Noticing that there was a problem providing Halal food to Muslim taxi drivers, these three men took it upon themselves to find a solution.

So, they set up one food truck that served Halal food.

And from there, that one food truck has expanded into an international business that reaches all the way to Singapore to provide Halal food to any and everyone.

“We have a vision. We’re going to be the dominant and serve the best Halal food all over the world,” said Mohamed Ahmdein, the senior staff-training member.

But what is Halal?

“Halal is human[ily] raised and human[ily] slaughtered,” said Ahmedin, and follows Muslim religious law. He said that the Halal certifications can be found on the company’s website.

Walking into the Halal Guys restaurant on East 14th Street, you can see that this business is already rapidly expanding.

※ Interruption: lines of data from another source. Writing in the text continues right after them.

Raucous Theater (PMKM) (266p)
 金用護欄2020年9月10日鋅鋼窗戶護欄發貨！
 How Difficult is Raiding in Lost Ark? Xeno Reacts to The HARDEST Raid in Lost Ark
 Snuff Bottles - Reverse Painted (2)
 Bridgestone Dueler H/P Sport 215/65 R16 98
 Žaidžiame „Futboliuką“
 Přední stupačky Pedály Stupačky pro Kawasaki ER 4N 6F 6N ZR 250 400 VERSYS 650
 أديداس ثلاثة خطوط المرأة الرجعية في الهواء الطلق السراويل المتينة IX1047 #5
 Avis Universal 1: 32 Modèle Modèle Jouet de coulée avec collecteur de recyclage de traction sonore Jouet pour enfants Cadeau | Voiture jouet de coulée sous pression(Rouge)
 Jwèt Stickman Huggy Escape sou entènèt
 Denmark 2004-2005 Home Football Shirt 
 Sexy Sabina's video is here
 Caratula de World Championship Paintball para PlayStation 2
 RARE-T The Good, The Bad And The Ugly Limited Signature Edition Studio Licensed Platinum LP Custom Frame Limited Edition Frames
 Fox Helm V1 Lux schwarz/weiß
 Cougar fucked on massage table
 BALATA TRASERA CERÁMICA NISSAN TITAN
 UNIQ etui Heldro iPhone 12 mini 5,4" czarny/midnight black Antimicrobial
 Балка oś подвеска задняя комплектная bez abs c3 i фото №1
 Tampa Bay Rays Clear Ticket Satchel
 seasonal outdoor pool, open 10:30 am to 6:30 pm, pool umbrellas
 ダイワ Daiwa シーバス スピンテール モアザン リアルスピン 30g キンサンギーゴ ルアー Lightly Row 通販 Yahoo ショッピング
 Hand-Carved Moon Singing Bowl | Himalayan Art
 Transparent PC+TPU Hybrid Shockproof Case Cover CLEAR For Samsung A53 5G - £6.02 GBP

Ahmedin pointed out that they were currently training a group of South Korean employees to work in their restaurants in NYC.

“Actually our Muslim customers is less than other customers because we are serving everyone,” said Ahmedin.

“White sauce, hot sauce, and halal” is what the Halal Guys are known for, said Ahmedin.

Without giving away the family secret he was able to tell me that the white sauce is “a creamy mayo base with citrus spices.”

“Yeah we have a lot of copycats for our white sauce out there,” he laughed.

With prices as low as $6 for a whole meal, the Halal Guys appeals to not only its Muslim customers but to any and every nationality that wishes to try Middle Eastern food.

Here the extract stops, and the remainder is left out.